In a second letter to the Messenger, dated July 24, 1864, Holland stated the following:
… Never have we seen a day, however disagreeable the weather might be, that we would not go to the assistance of our brothers in bondage, and sever the chain that bound them … it is not the style of Black Warriors to allow themselves to be trifled with ….
Holland, sensitive and aware of historical events, pondered the following as he led the advance up the James River in May 1864 at daybreak:
Many things attracted our attention along the banks of the James … one I might mention particularly, was the ruins of Jamestown, the spot where the curse of slavery was first introduced into the United States. A serpent that has inserted his poisonous fangs into the body of this government, causing it to wither in its bloom.12
On Sept. 29, 1864, Company C saw perhaps its finest hour of glory in the war when they led the charge at New Market Heights near Richmond. According to sources of the time, “this charge was really the key that unlocked the door to Richmond, and paved the way for its capitulation.”13 It was face to face, hand to hand combat.
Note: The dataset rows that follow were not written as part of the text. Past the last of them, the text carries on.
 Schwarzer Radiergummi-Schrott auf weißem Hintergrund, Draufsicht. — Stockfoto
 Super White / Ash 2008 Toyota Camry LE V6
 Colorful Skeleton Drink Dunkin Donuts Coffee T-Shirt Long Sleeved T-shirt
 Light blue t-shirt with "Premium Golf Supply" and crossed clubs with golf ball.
After all the regular (white) officers were either killed or wounded, four black sergeants took command of their companies, Milton Holland being one of them. All reports showed that the four “led gallantly and meritoriously through the day.”14 Although wounded during the battle, Holland did not leave the field. Holland’s regiment received the highest praise from General Grant, who personally rode over the battlefield. Because of their roles in taking over and leading the regiment to victory, Holland, along with the other three black sergeants, was awarded the Congressional Medal of Honor, forwarded through President Lincoln, on April 6, 1865. The citation read, “Took command of Company C, after all the officers had been killed or wounded, and gallantly led it.”15 During the Civil War, only 26 Congressional Medals of Honor were awarded, and two were won by black American men in Ohio, Milton Holland and Powhatan Beatty of Cincinnati, who also served in the same regiment.16 The names Petersburg and New Market Heights were inscribed on the Regiment’s colors.
The Fifth Regiment continued fighting for the Union with a notable victory at Fort Fisher, North Carolina (January 1865) and action in various skirmishes that took place in North Carolina. On April 14, 1865, the regiment passed in review before General William Sherman in Raleigh. On Sept. 21, 1865, the Fifth Colored Regiment was mustered out of federal service.17 On Sept. 30, the Regiment arrived at Camp Chase in Columbus, where they received their final payment and discharge.
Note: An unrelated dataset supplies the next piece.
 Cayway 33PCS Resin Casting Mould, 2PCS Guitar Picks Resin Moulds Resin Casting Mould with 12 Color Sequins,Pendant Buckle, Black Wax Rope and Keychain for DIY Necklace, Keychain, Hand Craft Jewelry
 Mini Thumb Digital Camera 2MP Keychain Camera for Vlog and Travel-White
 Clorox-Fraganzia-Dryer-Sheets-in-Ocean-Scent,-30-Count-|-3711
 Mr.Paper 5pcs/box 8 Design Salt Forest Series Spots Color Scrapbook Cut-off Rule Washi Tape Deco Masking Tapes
It is of interest to note that First Sergeant Milton Holland was never able to be promoted to a higher rank because of racial prejudice, even though he was called on to perform duties far beyond his rank and grade, having been on more than one occasion in command of his company. Had the situation been egalitarian, Holland would have been named captain of his company. In fact, Governor Tod was willing to commission Holland as a captain if he would go before the board as a white man and be reassigned to another regiment. Holland refused to deny his racial identity and declined the offer from the Governor.18
What, you may well wonder, happened to Athens County’s only Congressional Medal of Honor recipient after the Civil War? On October 24, 1865, immediately following his discharge, Milton married Virginia Dickey, in Columbus, where they made their first home. Holland resumed his trade as a shoemaker, the vocation he had acquired while at the Albany Manual Labor Academy. According to Holland’s pension records, he resided in Columbus from October 1865 until April 1866, then for some unknown reason, moved back to Albany from April until October 1866, and returned to Columbus from October 1866 until June 1869.
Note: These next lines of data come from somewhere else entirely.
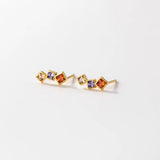925 Silver Crystal Square Stud Earrings 14K Plated Wedding Party Jewelry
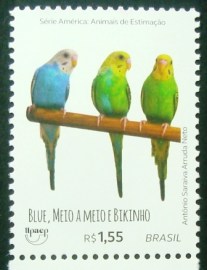 Selo postal do Brasil de 2018 Blue, Meio a Meio e Bikinho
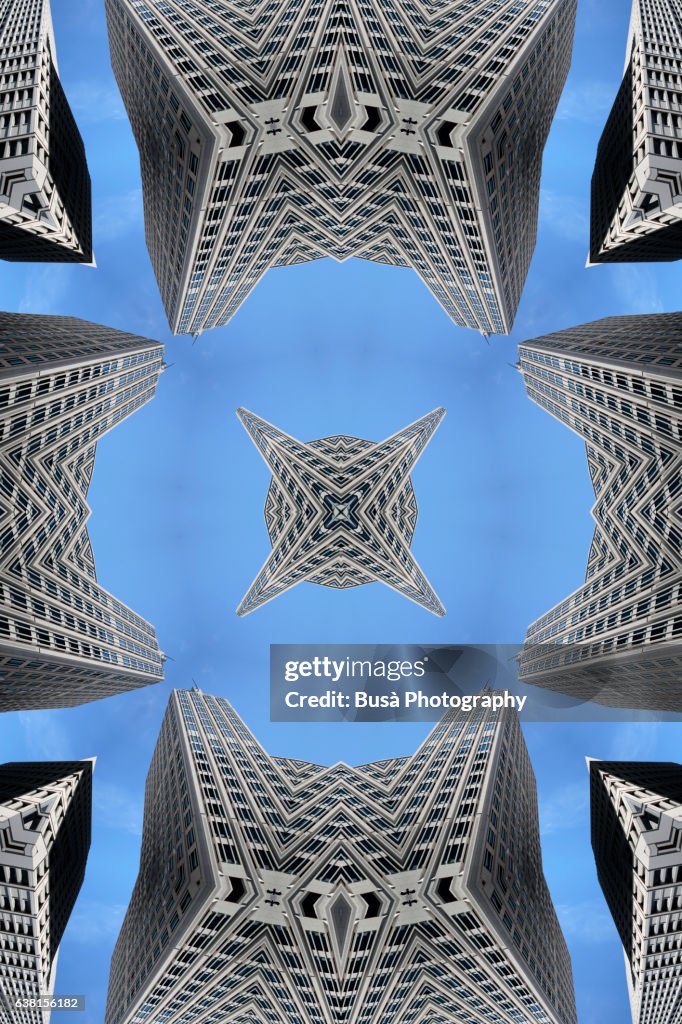 Impossible architectures: digital manipulation of the Beisheim Center on Berlin's Potsdamer Platz. Berlin, Germany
His life changed radically, when through the good offices of the personal friend he made while on the fairgrounds of Athens, one Honorable John Mercer Langston, Congressman from Virginia, he was offered a clerkship at a salary of $1,200 a year (a fairly high salary for the time) in the U.S. Treasury Department in Washington, D.C., on the recommendation of ex-President R.B. Hayes and General B.F. Butler, whom he so valiantly served under during the war. While doing his job in the U.S. Treasury Department, Holland studied law at Howard University and graduated in 1872, at which time he was admitted to the bar of the Supreme Court of the District of Columbia. Throughout his years in the nation’s capital, Holland was extremely active in Republican politics, rendering “effective service for his party in nearly every state and national campaign….” Moreover, politics brought him back to Athens on several occasions, once to receive a “fine and beautiful goldheaded cane…meant as a testimonial of the appreciation of Mr. Holland’s many Republican friends of his political services in this part of the state and another time to give a speech on the Ohio University campus in October 1884.19 In the meantime, Milton Holland’s older brother, William H., who had served in the Civil War in a Tennessee regiment and subsequently attended Oberlin College, returned to Texas State Legislature. William Holland is noted as the father of the bill creating Prairie View Normal, a school for black students, and the Texas Institute for Deaf, Dumb, and Blind Colored Youth where he was the superintendent for 11 years.20 There is no doubt that these two politically active brothers remained in communication throughout the years even though they lived in distant states. Milton Holland left the civil service in 1887 and opened a law office in Washington where he had a good practice, particularly in real estate endeavors.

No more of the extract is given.